**Goal of the exercise**:
Reproduce the listing below from the line with "Early Summer Butterflies" to the line with "Alabaster Silver Metallic", both lines included, character for character, minus any pictures.

(Exercise inputs Opens)

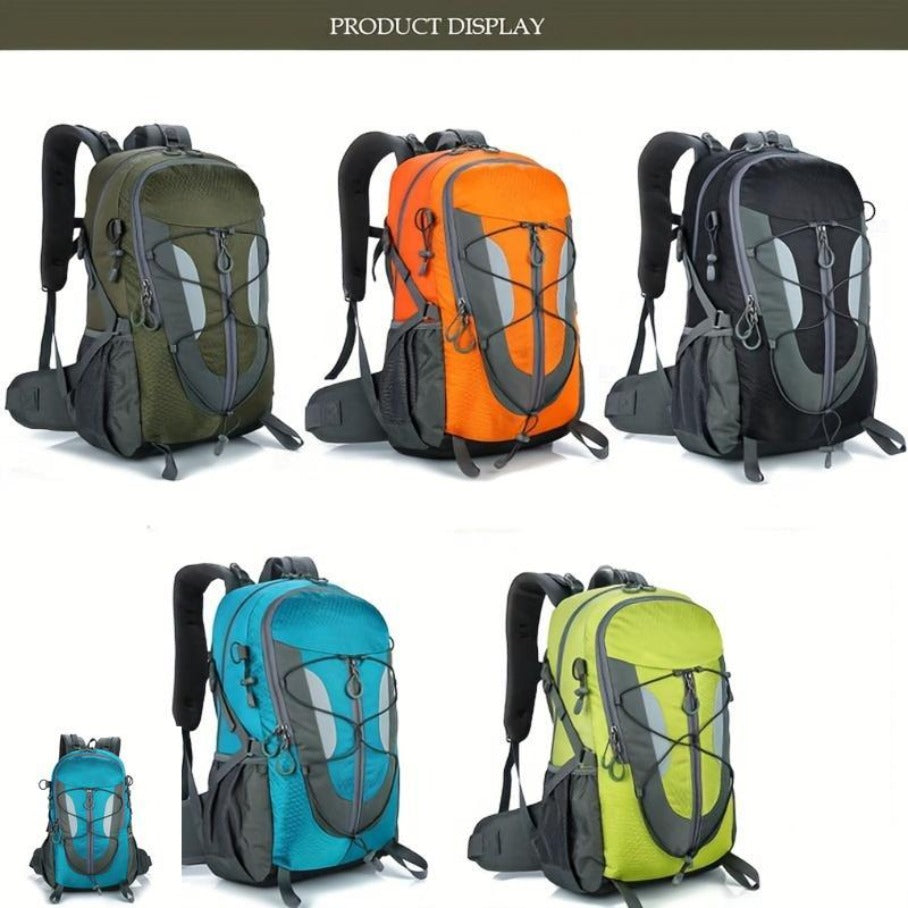 Multi-functional Camping Gear with Reflective Strips | Ergonomic Hiking Backpack, Breathable Mesh Pockets, Durable Softshell Material, Premium Zippers, Outdoor Rock Climbing Travel Pack, Christmas & Birthday Gift Recommendation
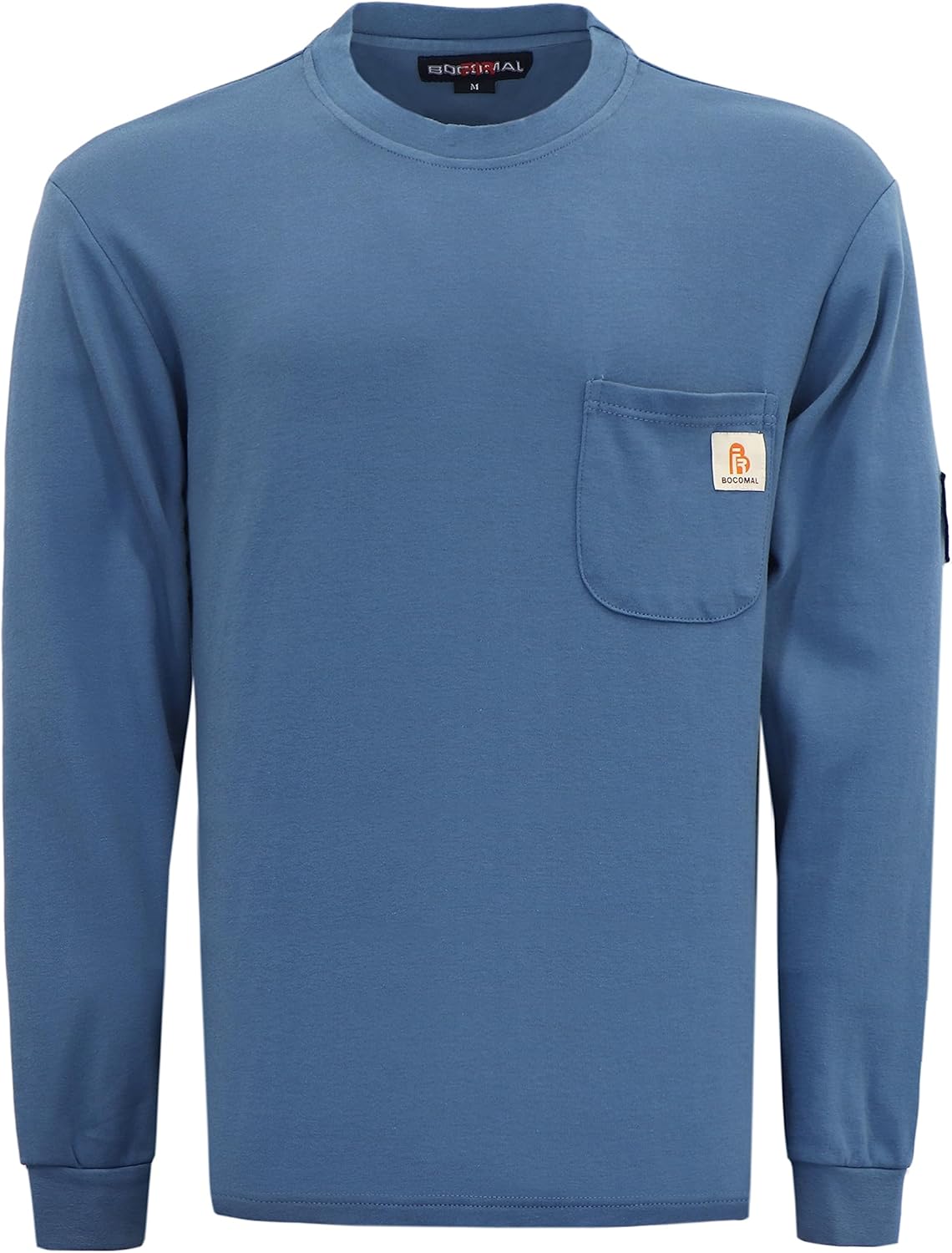 BOCOMAL FR Shirts Crewneck Midweight Flame Resistant Work Shirt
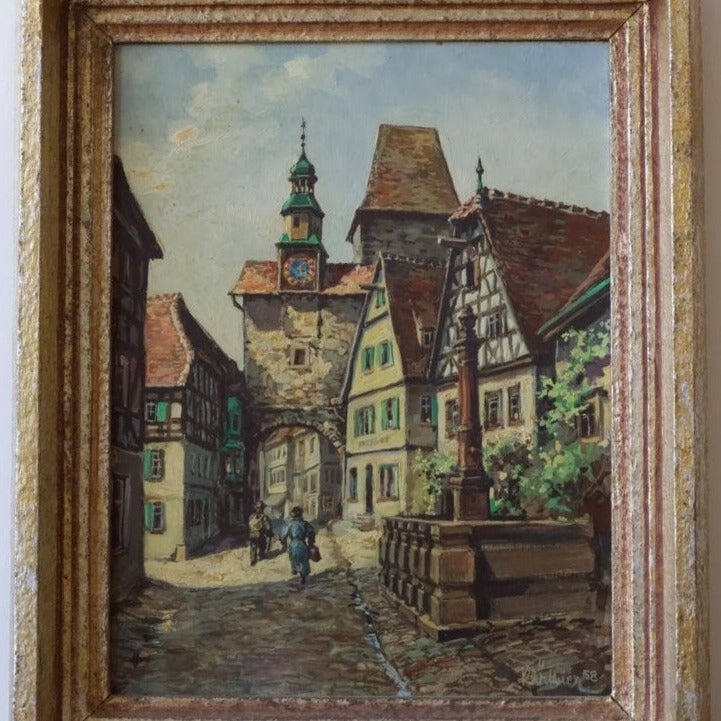 Unframed Painting of Rothenberg, Deutschland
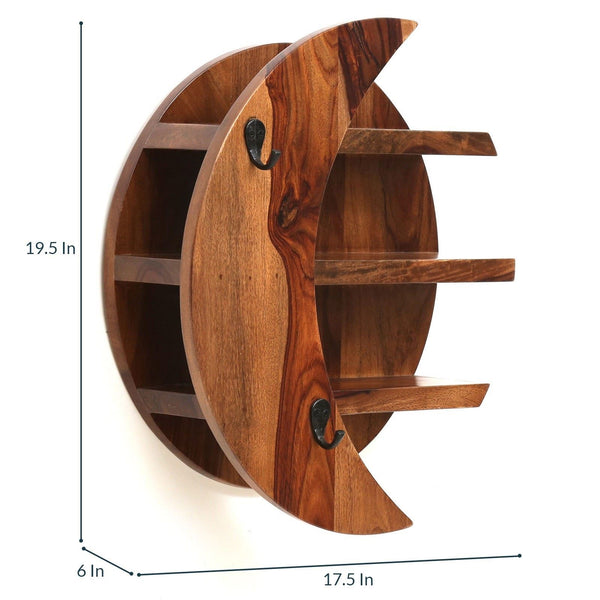 Mikkel Round Wall Rack (Brown)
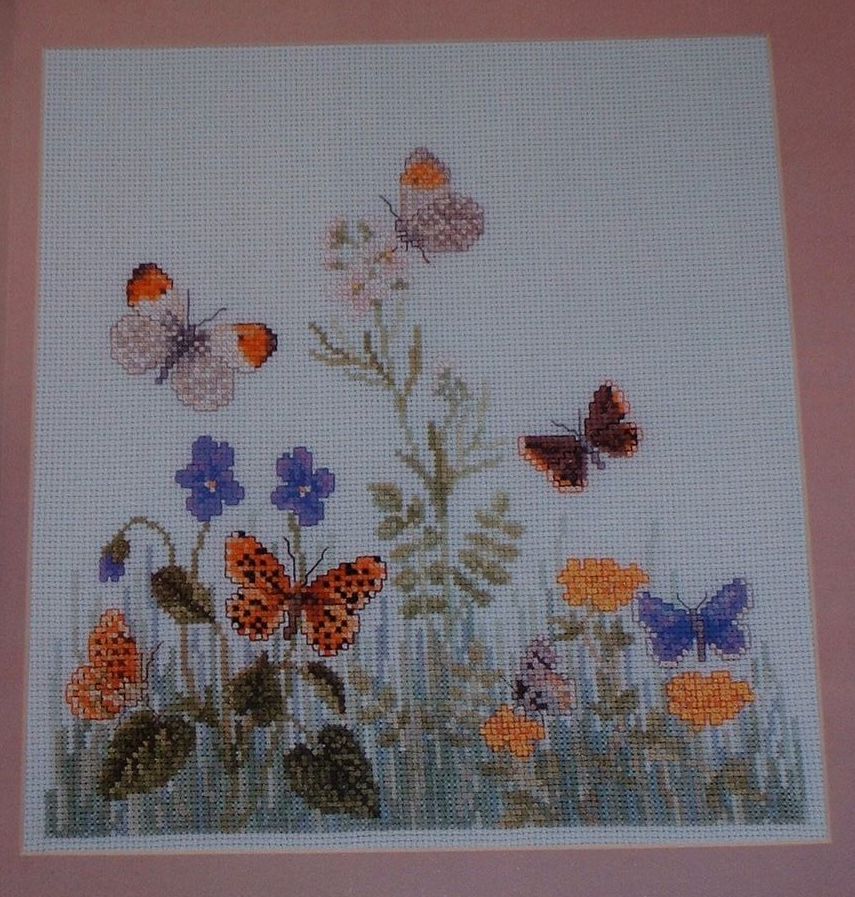 Early Summer Butterflies in a meadow ~ Cross Stitch Chart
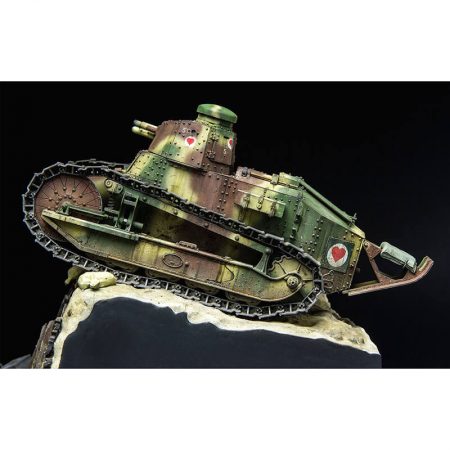 meng model ts-011 French FT-17 Light Tank 1/35 Riveted Turret Kit en plástico para montar y pintar. Incluye piezas en fotograbado, cadenas por eslabones individuales y base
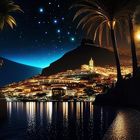 Funchal scintille la nuit tombée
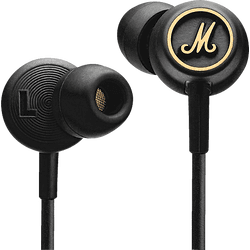 Auriculares de botón - Marshall Mode EQ, Botón ecualizador, Micrófono, Negro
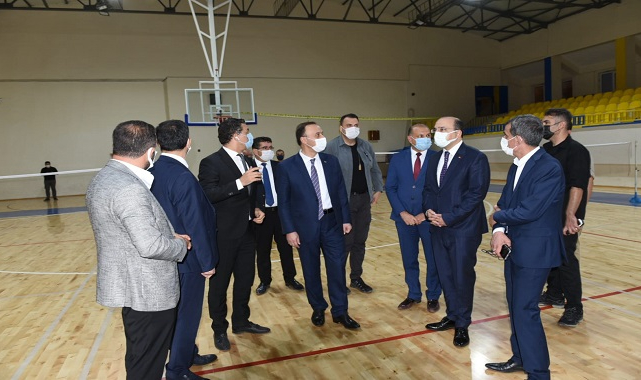 Vali Erin Birecik’te hizmete giren sosyal alanları inceledi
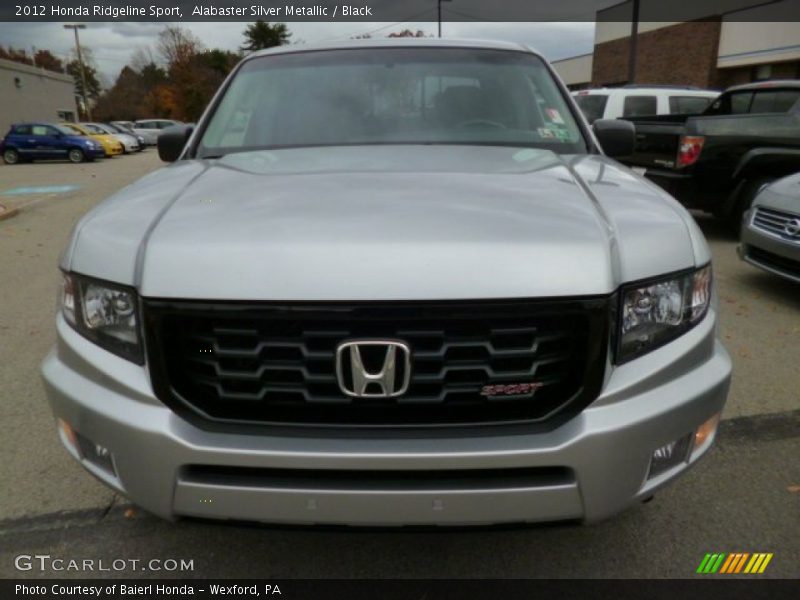 Alabaster Silver Metallic / Black 2012 Honda Ridgeline Sport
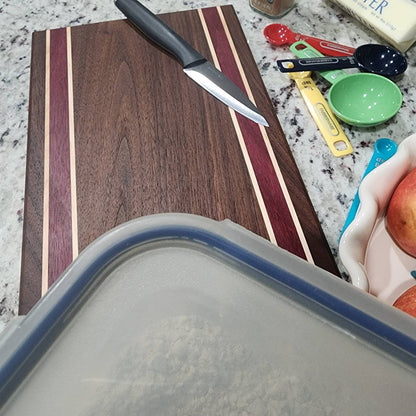 Cutting Board | Handmade | Walnut | Maple | Purpleheart | Kitchen Decor | Home Cook | Wedding Gift | Chef Gift | Housewarming Gift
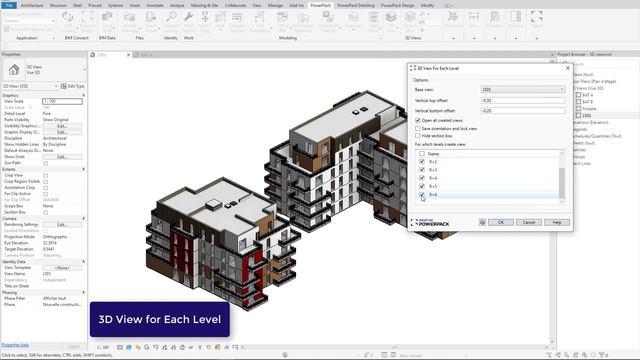 PowerPack for Revit - 3D Views Command смотреть онлайн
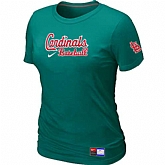 St. Louis Cardinals Nike Women's L.Green Short Sleeve Practice T-Shirt,baseball caps,new era cap wholesale,wholesale hats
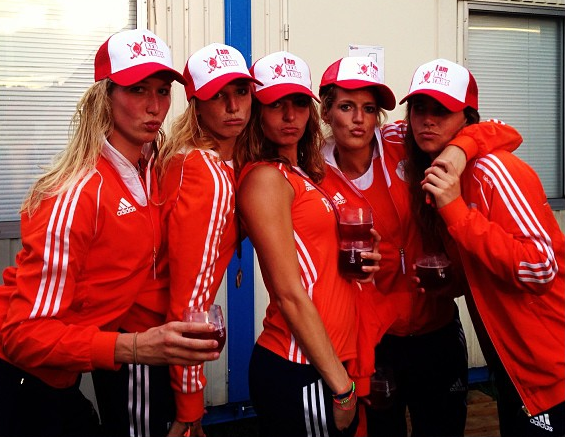 Dutch Girls - Netherlands Women's Team - Duckface at EHC 2013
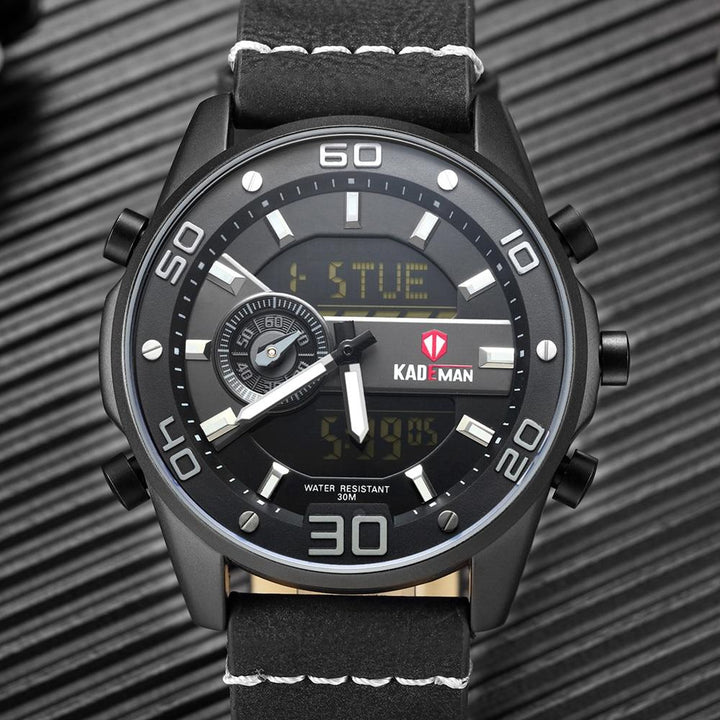 Business Watch For Men - The Kademan™ Men's Luxury Dual Display Digital Military Sports Watch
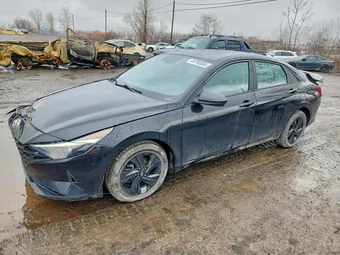 2022 Hyundai Elantra KMHLM4AGXNU355404 Lot 49795056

(Exercise inputs Closes)

**Output for this exercise**:
 Early Summer Butterflies in a meadow ~ Cross Stitch Chart
 meng model ts-011 French FT-17 Light Tank 1/35 Riveted Turret Kit en plástico para montar y pintar. Incluye piezas en fotograbado, cadenas por eslabones individuales y base
 Funchal scintille la nuit tombée
 Auriculares de botón - Marshall Mode EQ, Botón ecualizador, Micrófono, Negro
 Vali Erin Birecik’te hizmete giren sosyal alanları inceledi
 Alabaster Silver Metallic / Black 2012 Honda Ridgeline Sport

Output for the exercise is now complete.